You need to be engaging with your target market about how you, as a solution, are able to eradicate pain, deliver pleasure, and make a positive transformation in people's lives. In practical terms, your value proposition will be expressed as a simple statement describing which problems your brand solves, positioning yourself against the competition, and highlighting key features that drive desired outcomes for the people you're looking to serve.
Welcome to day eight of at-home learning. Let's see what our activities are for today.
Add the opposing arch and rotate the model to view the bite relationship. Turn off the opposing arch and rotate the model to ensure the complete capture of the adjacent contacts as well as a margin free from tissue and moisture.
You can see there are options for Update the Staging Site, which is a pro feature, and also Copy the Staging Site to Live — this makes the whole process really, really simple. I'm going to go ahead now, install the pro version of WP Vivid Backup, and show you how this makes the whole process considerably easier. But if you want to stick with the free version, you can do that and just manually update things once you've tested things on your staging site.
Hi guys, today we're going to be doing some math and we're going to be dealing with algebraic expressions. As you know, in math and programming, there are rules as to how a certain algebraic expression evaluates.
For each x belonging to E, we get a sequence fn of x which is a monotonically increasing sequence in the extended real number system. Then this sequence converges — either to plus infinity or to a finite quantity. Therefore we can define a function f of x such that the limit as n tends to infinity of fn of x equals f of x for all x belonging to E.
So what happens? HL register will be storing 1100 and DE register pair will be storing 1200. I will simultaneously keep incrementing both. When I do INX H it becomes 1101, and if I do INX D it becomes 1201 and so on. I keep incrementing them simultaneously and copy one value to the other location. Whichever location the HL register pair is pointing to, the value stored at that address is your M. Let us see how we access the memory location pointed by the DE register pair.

Problem to work on -
Check every line of the records above for the string "will". Copy those that hold it.

Your solution -
You need to be engaging with your target market about how you, as a solution, are able to eradicate pain, deliver pleasure, and make a positive transformation in people's lives. In practical terms, your value proposition will be expressed as a simple statement describing which problems your brand solves, positioning yourself against the competition, and highlighting key features that drive desired outcomes for the people you're looking to serve.
So what happens? HL register will be storing 1100 and DE register pair will be storing 1200. I will simultaneously keep incrementing both. When I do INX H it becomes 1101, and if I do INX D it becomes 1201 and so on. I keep incrementing them simultaneously and copy one value to the other location. Whichever location the HL register pair is pointing to, the value stored at that address is your M. Let us see how we access the memory location pointed by the DE register pair.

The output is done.